Fig. 5.—Pump and Stirrup.

It is probable that the five engines built during 1834 embodied all, or nearly all, these devices. They all had the half-crank, the ground joints for steam-pipes (which was first made by him in 1833), and the pump formed in the guide-bar, and all had the four-wheeled truck in front, and a single pair of drivers back of the fire-box. On this position of the driving-wheels, Mr. Baldwin laid great stress, as it made a more even distribution of the weight, throwing about one-half on the drivers and one-half on the four-wheeled truck. It also extended the wheel-base, making the engine much steadier and less damaging to the track. Mr. William Norris, who had established a locomotive works in Philadelphia in 1832, was at this time building a six-wheeled engine with a truck in front and the driving-wheels placed in front of the fire-box.
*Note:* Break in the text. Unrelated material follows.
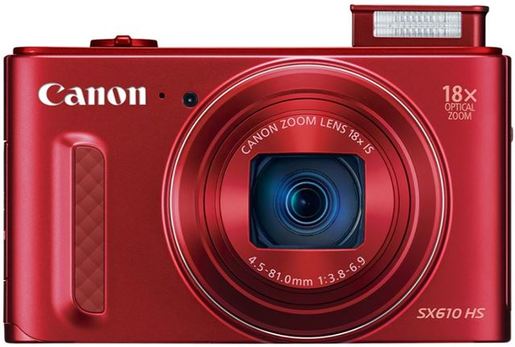 FOTOAPARAT CANON PowerShot SX610 HS red-WiFi,NFC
Considerable rivalry naturally existed between the two manufacturers as to the comparative merits of their respective plans. In Mr. Norris's engine, the position of the driving-axle in front of the fire-box threw on it more of the weight of the engine, and thus increased the adhesion and the tractive power. Mr. Baldwin, however, maintained the superiority of his plan, as giving a better distribution of the weight and a longer wheel-base, and consequently rendering the machine less destructive to the track. As the iron rails then in use were generally light, and much of the track was of wood, this feature was of some importance.

To the use of the ground joint for steam-pipes, however, much of the success of his early engines was due. The English builders were making locomotives with canvas and red-lead joints, permitting a steam pressure of only sixty pounds per inch to be carried, while Mr. Baldwin's machines were worked at one hundred and twenty pounds with ease. Several locomotives imported from England at about this period by the Commonwealth of Pennsylvania for the State Road (three of which were made by Stephenson) had canvas and red-lead joints, and their efficiency was so much less than that of the Baldwin engines, on account of this and other features of construction, that they were soon laid aside or sold.

In June, 1834, a patent was issued to Mr. E. L. Miller, by whom Mr. Baldwin's second engine was ordered, for a method of increasing the adhesion of a locomotive by throwing a part of the weight of the tender on the rear of the engine, thus increasing the weight on the drivers. Mr. Baldwin adopted this device on an engine built for the Philadelphia and Trenton Railroad Company, May, 1835, and thereafter used it largely, paying one hundred dollars royalty for each engine. Eventually (May 6, 1839) he bought the patent for nine thousand dollars, evidently considering that the device was especially valuable, if not indispensable, in order to render his engine as powerful, when required, as other patterns having the driving-wheels in front of the fire-box, and therefore utilizing more of the weight of the engine for adhesion.

In making the truck and tender wheels of these early locomotives, the hubs were cast in three pieces and afterward banded with wrought-iron, the interstices being filled with spelter. This method of construction was adopted on account of the difficulty then found in casting a chilled wheel in one solid piece.